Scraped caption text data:
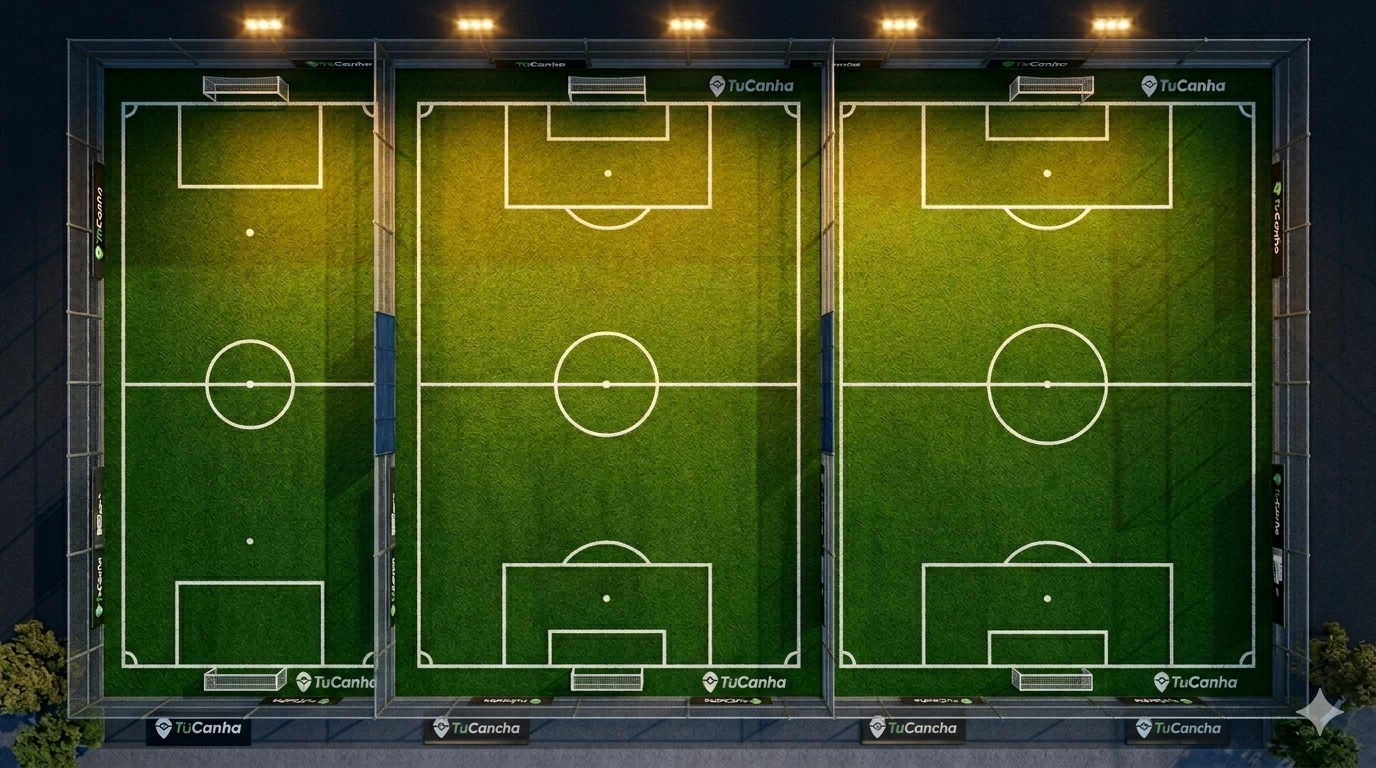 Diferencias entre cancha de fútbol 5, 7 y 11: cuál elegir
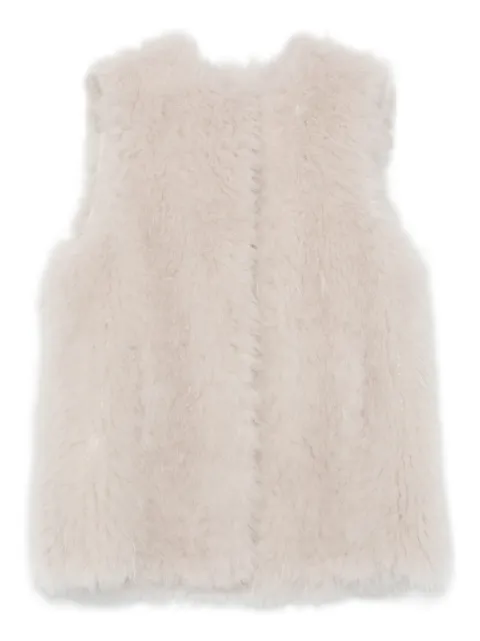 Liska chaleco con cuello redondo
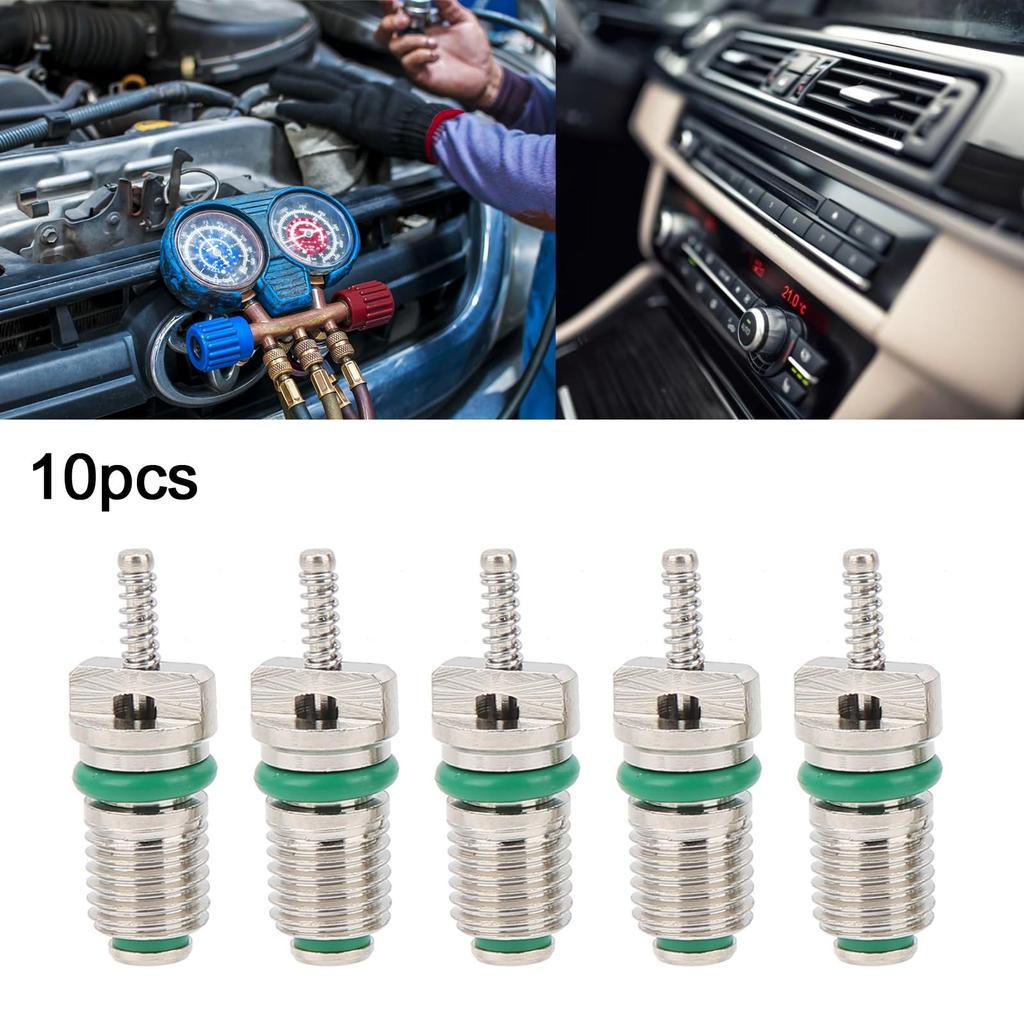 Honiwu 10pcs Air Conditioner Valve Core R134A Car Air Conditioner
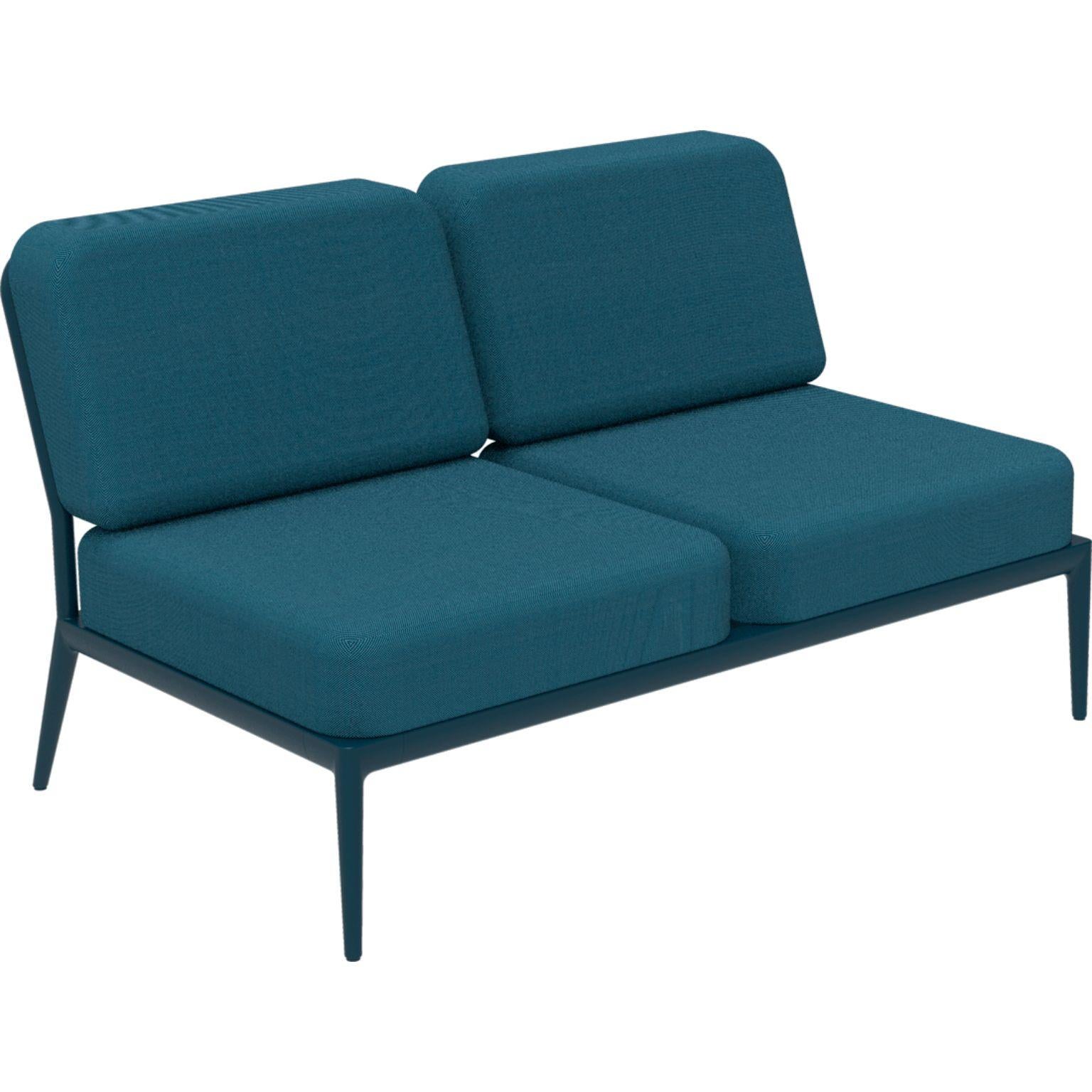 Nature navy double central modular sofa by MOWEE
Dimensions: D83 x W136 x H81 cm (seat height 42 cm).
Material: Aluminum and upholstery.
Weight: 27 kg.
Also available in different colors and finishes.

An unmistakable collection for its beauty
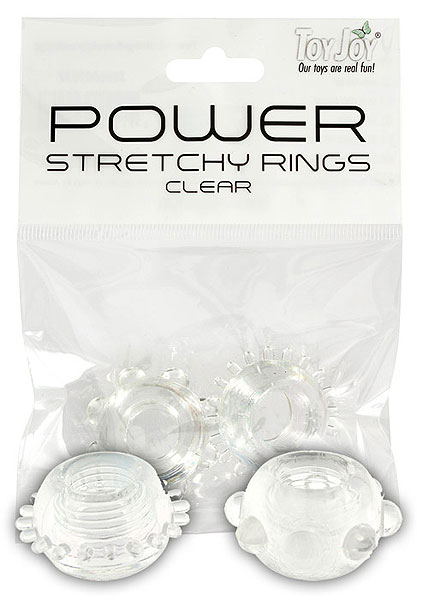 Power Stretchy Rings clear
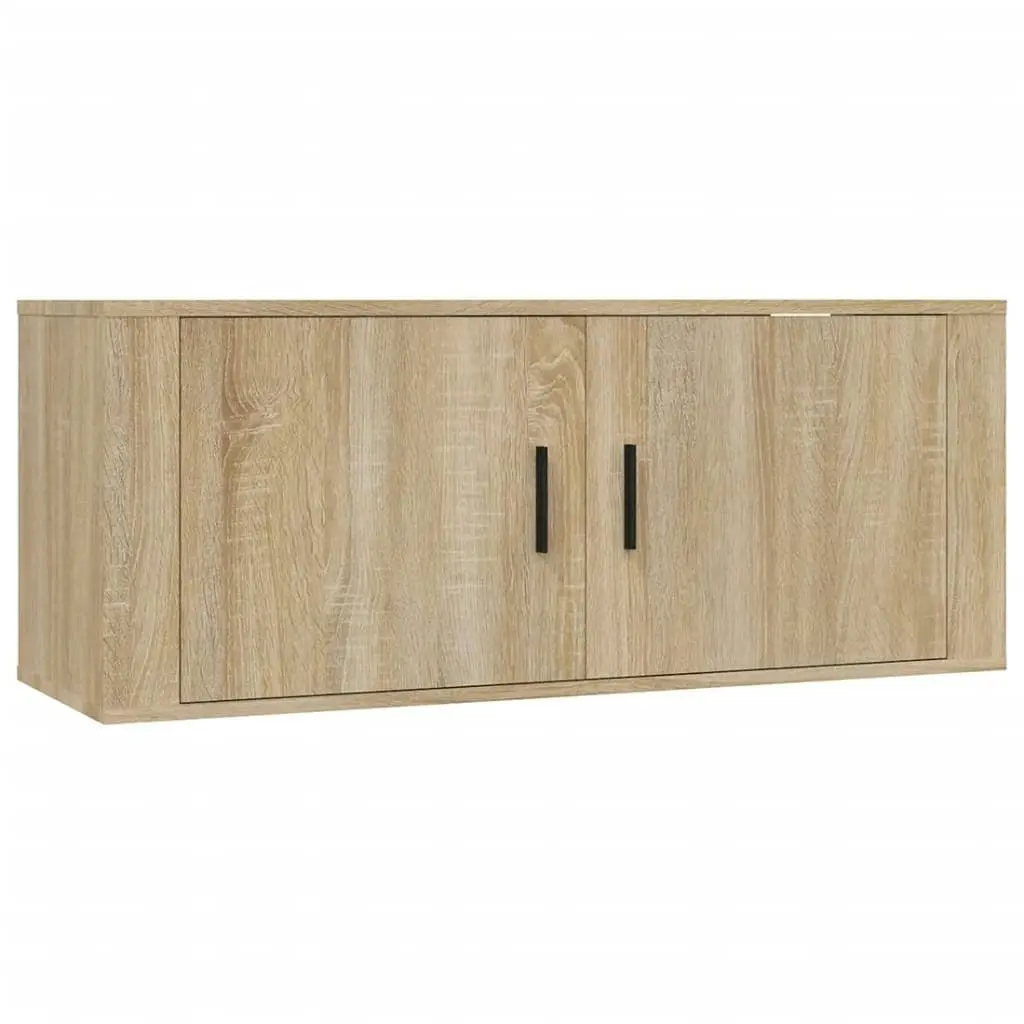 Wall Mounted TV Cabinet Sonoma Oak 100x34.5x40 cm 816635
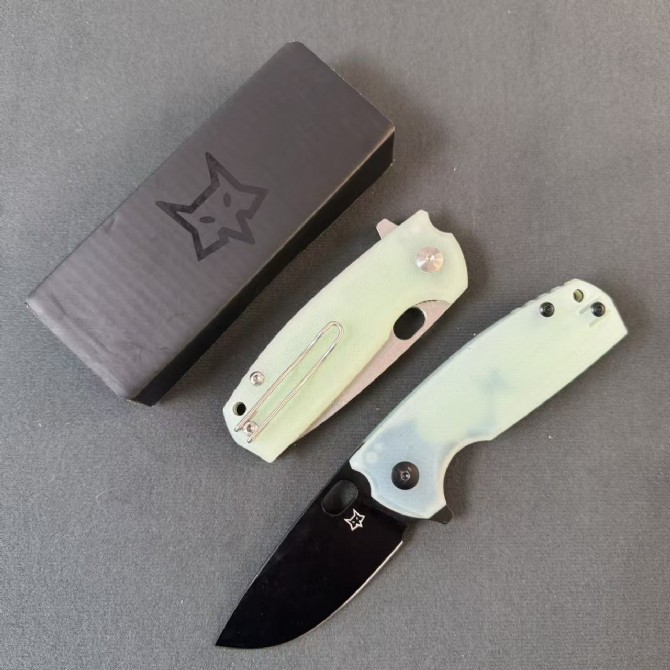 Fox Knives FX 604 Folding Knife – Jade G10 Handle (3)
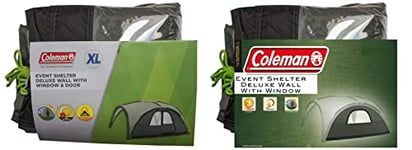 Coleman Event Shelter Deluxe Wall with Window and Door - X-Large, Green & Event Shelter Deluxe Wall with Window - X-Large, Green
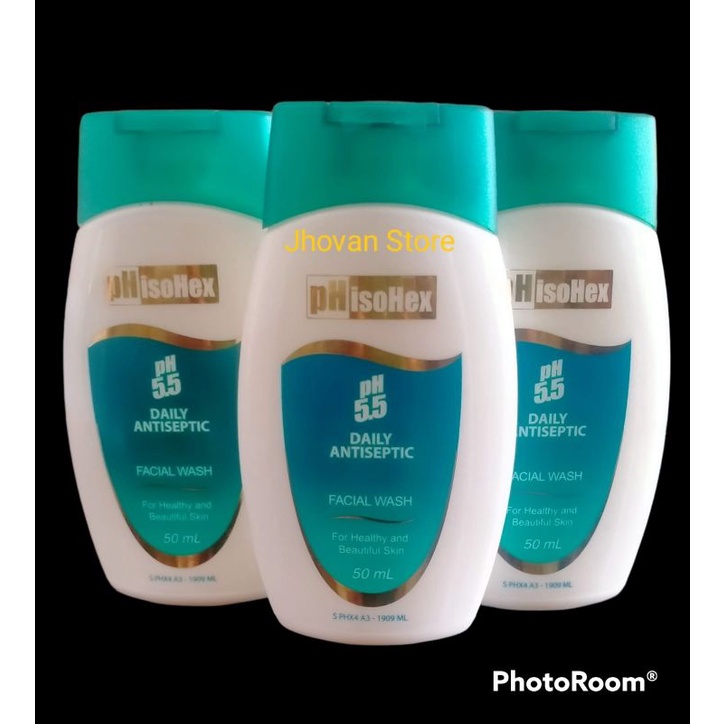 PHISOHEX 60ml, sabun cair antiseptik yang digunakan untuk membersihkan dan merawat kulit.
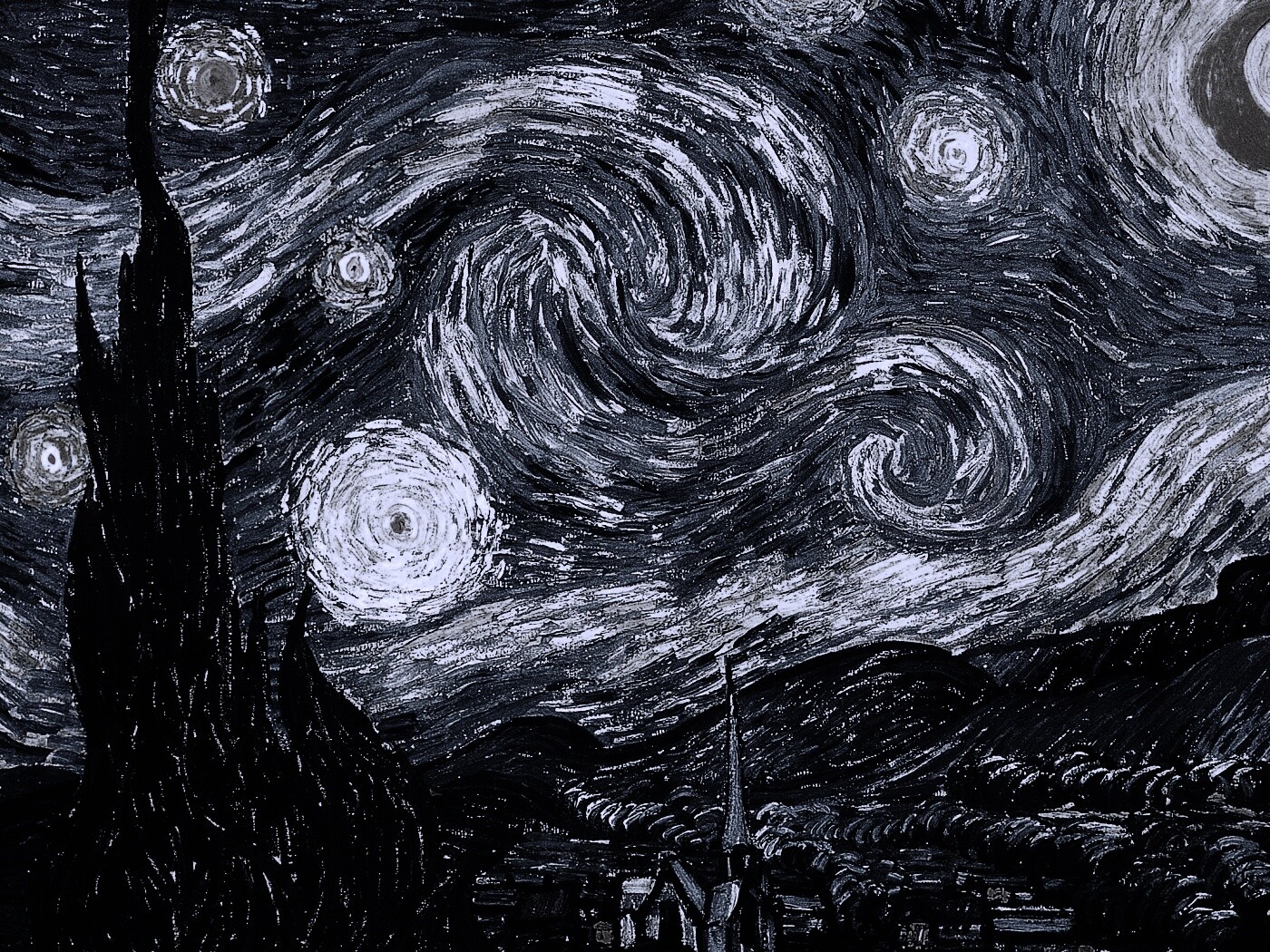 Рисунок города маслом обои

* **TASK TO COMPLETE**:
Set the entries down exactly, but not the pictures.

* **ANSWER SPACE**:
 Diferencias entre cancha de fútbol 5, 7 y 11: cuál elegir
 Liska chaleco con cuello redondo
 Honiwu 10pcs Air Conditioner Valve Core R134A Car Air Conditioner
 Nature navy double central modular sofa by MOWEE
Dimensions: D83 x W136 x H81 cm (seat height 42 cm).
Material: Aluminum and upholstery.
Weight: 27 kg.
Also available in different colors and finishes.

An unmistakable collection for its beauty
 Power Stretchy Rings clear
 Wall Mounted TV Cabinet Sonoma Oak 100x34.5x40 cm 816635
 Fox Knives FX 604 Folding Knife – Jade G10 Handle (3)
 Coleman Event Shelter Deluxe Wall with Window and Door - X-Large, Green & Event Shelter Deluxe Wall with Window - X-Large, Green
 PHISOHEX 60ml, sabun cair antiseptik yang digunakan untuk membersihkan dan merawat kulit.
 Рисунок города маслом обои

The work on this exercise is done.